A healthy intestinal microbiome is essential to optimal wellness, and knowledge surrounding this relationship has grown substantially in recent years. The connection between gut health and rheumatoid arthritis (RA) development is one example, as the gut microbiota has been proposed to be an important environmental factor of the disease.1 RA is one of several conditions where gut permeability predates symptoms, and it may be possible to prevent joint damage by treating the gut. What is the state of research on arthritis, the microbiome, and gut permeability?

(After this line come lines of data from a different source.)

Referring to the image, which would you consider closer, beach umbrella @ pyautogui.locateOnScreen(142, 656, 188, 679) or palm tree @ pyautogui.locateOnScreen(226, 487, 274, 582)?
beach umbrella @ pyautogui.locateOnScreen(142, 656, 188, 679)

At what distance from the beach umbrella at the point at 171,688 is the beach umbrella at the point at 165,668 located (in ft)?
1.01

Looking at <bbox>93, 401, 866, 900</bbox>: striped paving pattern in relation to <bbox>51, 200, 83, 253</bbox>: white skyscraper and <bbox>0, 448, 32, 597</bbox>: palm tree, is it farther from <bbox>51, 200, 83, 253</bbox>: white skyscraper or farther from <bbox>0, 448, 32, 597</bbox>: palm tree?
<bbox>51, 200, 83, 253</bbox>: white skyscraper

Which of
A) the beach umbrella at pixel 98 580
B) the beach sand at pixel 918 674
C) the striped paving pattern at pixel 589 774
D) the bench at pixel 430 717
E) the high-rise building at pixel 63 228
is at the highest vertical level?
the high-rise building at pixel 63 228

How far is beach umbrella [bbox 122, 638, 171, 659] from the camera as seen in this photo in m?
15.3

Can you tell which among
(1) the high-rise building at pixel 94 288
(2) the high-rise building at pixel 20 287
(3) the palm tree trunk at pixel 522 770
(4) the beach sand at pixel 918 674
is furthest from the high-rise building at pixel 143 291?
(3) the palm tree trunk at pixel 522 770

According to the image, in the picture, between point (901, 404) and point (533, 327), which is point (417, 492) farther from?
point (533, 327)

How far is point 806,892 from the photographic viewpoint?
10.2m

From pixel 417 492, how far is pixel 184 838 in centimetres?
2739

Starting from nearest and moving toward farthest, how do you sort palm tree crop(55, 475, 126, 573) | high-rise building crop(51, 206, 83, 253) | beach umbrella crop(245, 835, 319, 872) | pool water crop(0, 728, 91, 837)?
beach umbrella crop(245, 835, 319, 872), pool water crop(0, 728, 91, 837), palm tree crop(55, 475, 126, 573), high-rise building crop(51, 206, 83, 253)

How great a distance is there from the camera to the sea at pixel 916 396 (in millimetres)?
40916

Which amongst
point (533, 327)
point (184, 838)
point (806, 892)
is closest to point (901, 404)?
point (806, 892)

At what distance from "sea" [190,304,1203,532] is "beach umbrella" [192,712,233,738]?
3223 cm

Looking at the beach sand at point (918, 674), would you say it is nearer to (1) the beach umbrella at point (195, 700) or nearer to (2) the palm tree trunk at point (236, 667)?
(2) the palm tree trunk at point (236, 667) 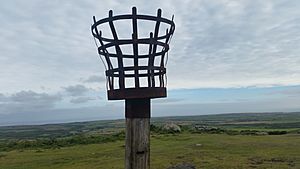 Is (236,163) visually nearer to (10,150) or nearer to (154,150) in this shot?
(154,150)

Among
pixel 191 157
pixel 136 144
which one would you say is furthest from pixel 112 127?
pixel 136 144

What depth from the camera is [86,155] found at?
20.8 metres

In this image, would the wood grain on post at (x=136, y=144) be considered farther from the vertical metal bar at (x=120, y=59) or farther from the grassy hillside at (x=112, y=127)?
the grassy hillside at (x=112, y=127)

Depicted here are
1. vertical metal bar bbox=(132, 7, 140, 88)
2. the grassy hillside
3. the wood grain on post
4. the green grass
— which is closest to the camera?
vertical metal bar bbox=(132, 7, 140, 88)

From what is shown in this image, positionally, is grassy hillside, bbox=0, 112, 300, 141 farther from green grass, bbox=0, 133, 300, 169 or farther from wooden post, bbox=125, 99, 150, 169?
wooden post, bbox=125, 99, 150, 169

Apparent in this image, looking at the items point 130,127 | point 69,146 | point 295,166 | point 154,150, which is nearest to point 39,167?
point 154,150

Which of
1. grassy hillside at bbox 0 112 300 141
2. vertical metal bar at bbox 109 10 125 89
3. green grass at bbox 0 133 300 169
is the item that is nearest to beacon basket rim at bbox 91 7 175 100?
vertical metal bar at bbox 109 10 125 89

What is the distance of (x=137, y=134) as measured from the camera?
310 cm

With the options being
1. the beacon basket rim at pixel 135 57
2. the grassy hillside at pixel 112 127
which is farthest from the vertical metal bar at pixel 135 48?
the grassy hillside at pixel 112 127

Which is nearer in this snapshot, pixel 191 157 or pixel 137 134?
pixel 137 134

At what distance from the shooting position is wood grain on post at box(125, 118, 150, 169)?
3098 mm

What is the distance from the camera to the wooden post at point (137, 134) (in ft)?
10.2

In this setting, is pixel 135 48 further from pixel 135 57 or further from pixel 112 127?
pixel 112 127

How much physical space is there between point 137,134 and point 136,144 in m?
0.09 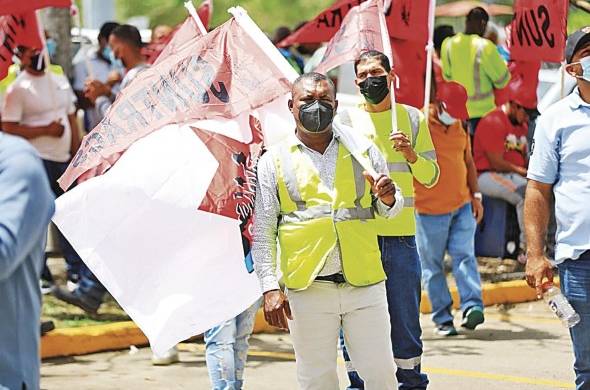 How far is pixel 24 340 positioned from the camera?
3.94 m

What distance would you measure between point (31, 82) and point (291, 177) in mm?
5544

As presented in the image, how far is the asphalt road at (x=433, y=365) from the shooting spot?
861 cm

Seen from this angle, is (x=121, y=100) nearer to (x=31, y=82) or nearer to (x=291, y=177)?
(x=291, y=177)

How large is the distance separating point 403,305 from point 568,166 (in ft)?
4.68

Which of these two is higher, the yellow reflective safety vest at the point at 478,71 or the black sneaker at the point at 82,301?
the yellow reflective safety vest at the point at 478,71

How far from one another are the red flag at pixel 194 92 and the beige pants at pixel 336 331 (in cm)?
137

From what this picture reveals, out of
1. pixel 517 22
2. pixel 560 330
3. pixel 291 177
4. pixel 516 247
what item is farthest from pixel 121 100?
pixel 516 247

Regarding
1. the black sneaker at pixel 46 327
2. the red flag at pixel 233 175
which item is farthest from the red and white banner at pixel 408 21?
the black sneaker at pixel 46 327

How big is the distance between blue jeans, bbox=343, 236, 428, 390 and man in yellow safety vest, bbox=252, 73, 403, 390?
889 millimetres

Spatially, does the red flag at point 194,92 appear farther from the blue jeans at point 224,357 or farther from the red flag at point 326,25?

Inflammatory biomarkers are known to emerge years before a definitive diagnosis of rheumatoid arthritis is possible.2,3 One theory dating back to the beginning of the 20th century suggested that RA emerges from mucosal tissues and dysbiosis, and only later do problems occur in the synovial fluid and joints.4-7 More recent research supports this chain of events. For example, research suggests that IgA antibodies, which are closely associated with mucosa, are elevated in preclinical and recently diagnosed RA patients.8 People with RA have different gut microbial populations than people with other inflammatory diagnoses3—in particular, individuals newly diagnosed with RA have higher populations of Prevotella copri.9,10

A small 2019 study found significant differences in the microbial distribution of various taxa from phylum to genus levels between 25 healthy subjects and 29 early RA patients.11 Phylum Bacteroidetes was enriched in early RA patients, while Actinobacteria, including the genus Collinsella, was enriched in healthy subjects. Functional analysis based on clusters of orthologous groups revealed that the genes related to the biosynthesis of menaquinone, known to be derived from gram-positive bacteria, were enriched in healthy subjects, while iron transport–related genes were enriched in early RA patients. Genes related to the biosynthesis of lipopolysaccharide, the gram-negative bacterial endotoxin, were enriched in clinically apparent RA patients.11

More recently, researchers in Japan performed a whole gut virome analysis based on the shotgun sequencing of 476 individuals with RA, systemic lupus erythematosus (SLE), multiple sclerosis (MS), and healthy controls.12 The case-control comparison revealed that crAss-like phages, which are one of the main components of a healthy gut virome, significantly decreased in the gut of the patients with autoimmune diseases, specifically the patients with RA and SLE. Multiple bacterial targets of crAss-like phages were identified (e.g., Ruminococcus spp).12 Higher levels of gingival disease and unhealthy oral microbiota are also associated with the early stage of RA.1,13,14 Gut bacteria have also been found in the synovial fluid of RA mouse models, suggesting that treatment of mucosal surfaces and the microbiome may curtail or affect the development and course of RA.15 Taken together, these factors suggest that RA might be avoidable if the signs are recognized early enough and gut health can be restored.16

In the following video, IFM educator Robert Rountree, MD, shares how he approaches arthritis and the importance of assessing the likely cause.

(Video Time: 2 minutes)

Influencing Outcomes

Another small but interesting September 2021 study, published in Genome Medicine, suggests that gut microbes and a patient’s outcome of RA may also be connected.16 Researchers at the Mayo Clinic performed shotgun metagenomic sequencing on stool samples from 32 patients with RA at two separate clinical visits and compared the baseline gut microbiome compositions between RA patients who eventually showed improvement in disease activity and those who did not. They found several traits of the gut microbiome linked to future prognosis and used artificial intelligence to predict clinical outcomes with an accuracy of 90%. The results, write the authors, could implicate various aspects of the gut microbiome with improvement in chronic, debilitating symptoms in RA, raising the possibility of intervening on these markers, e.g., introducing specific desirable bacterial strains into the gut or targeting microbial metabolic pathways as a basis for therapeutic intervention.16

What can you do for patients with intestinal permeability? Romilly Hodges, MS, CNS, IFMCP, provides an overview of the many factors that increase and decrease gut permeability in an informative blog post published on the website of IFM educator Kara Fitzgerald, ND17

Functional medicine helps clinicians understand the critical roles of gut mucosal integrity and microbial dysbiosis on patient health and provides key insights into preventing and treating chronic diseases related to gut dysfunction. Learn more about the interplay between the digestive system and the rest of the body at IFM’s Applying Functional Medicine in Clinical Practice (AFMCP).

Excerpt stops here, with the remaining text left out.